Here's the third example. In a Brooklyn upscale pet shop, an elderly lady burst into the store. "I want to buy a canary, but it's got to be a real good singer. I've got cash, but I'm paying only for a good singer.” The shop owner began moving a ladder towards a small cage on a shelf about fifteen feet up, near the ceiling. "Ma'am, I have forty years in this business. In this birdcage is the best singer I've ever had."
“Don’t think I’m going to feel obligated to pay for something I don’t want just because you’re climbing up a ladder like a monkey. I want a canary, but it’s got to be the best singer around.”
As the shopkeeper came down from the ladder, he said, “Ma’am, this bird is a veritable feathered Caruso!” Placing the cage on the counter, the canary burst into melody after melody. Awed, the woman murmured, “This bird is really a good singer.”
Suddenly, the woman noticed something. She screamed at the shopkeeper. “Hey, what’s with you? This bird only has one leg.” The pet store owner was perturbed. “Lady, what do you want, a singer or a dancer?”
Isn’t it a shame that she couldn’t see the miracle because of her ungratefulness caused by her unrealistic expectations? She didn’t want a bird that could sing like Caruso, she wanted a perfect bird that could sing like Caruso.
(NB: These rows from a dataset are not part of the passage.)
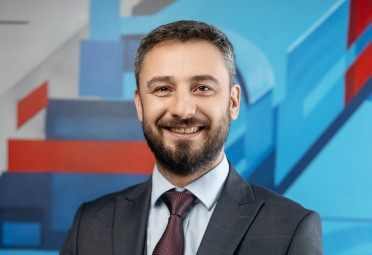 Директор по управлению персоналом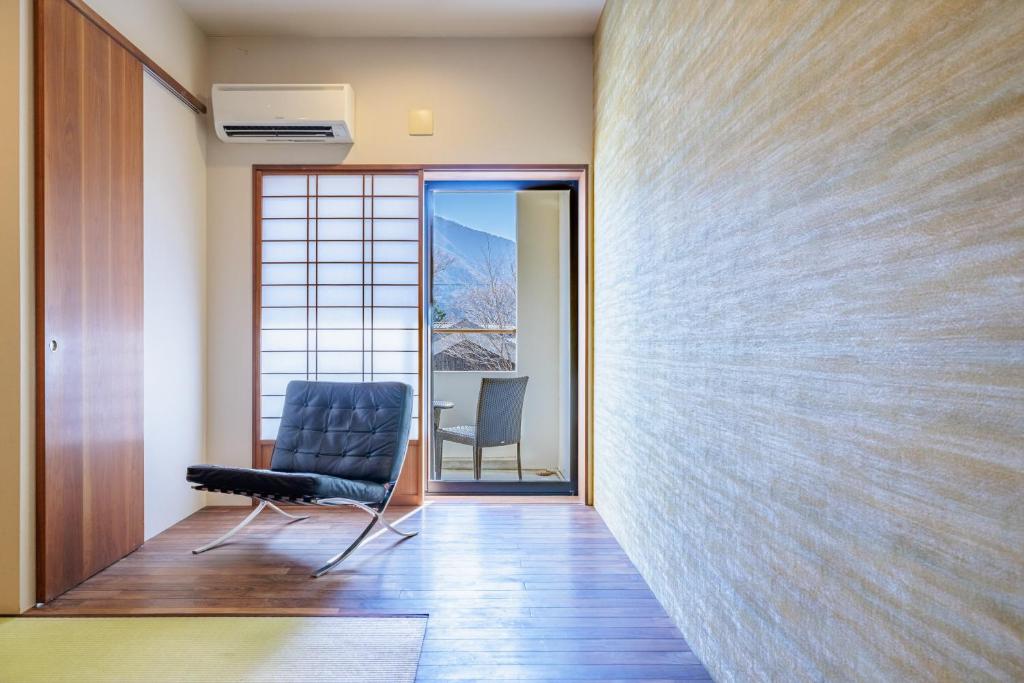 Sengokuhara Shinanoki Ichinoyu room with terrace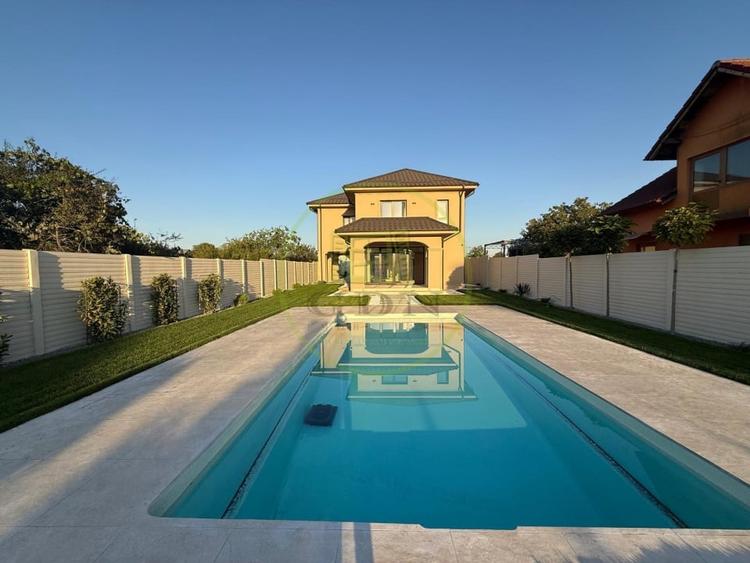 Casă individuală cu 4 camere cu Piscina în Bariera Vâlcii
She missed the opportunity of a lifetime. She sawed off the limb she was sitting on as far as wanting a one in a million, singing bird. That’s nonsensical.
Remember, when you’re out on a limb, try not to saw yourself off from the tree holding you up. You see this concept in action time and time again in families and marriages. Many times, the ones who love us the most are the ones we cut ourselves off from. That is like winning the battle but losing the war. To do that is to oppose yourself. Opposing yourself is nonsensical.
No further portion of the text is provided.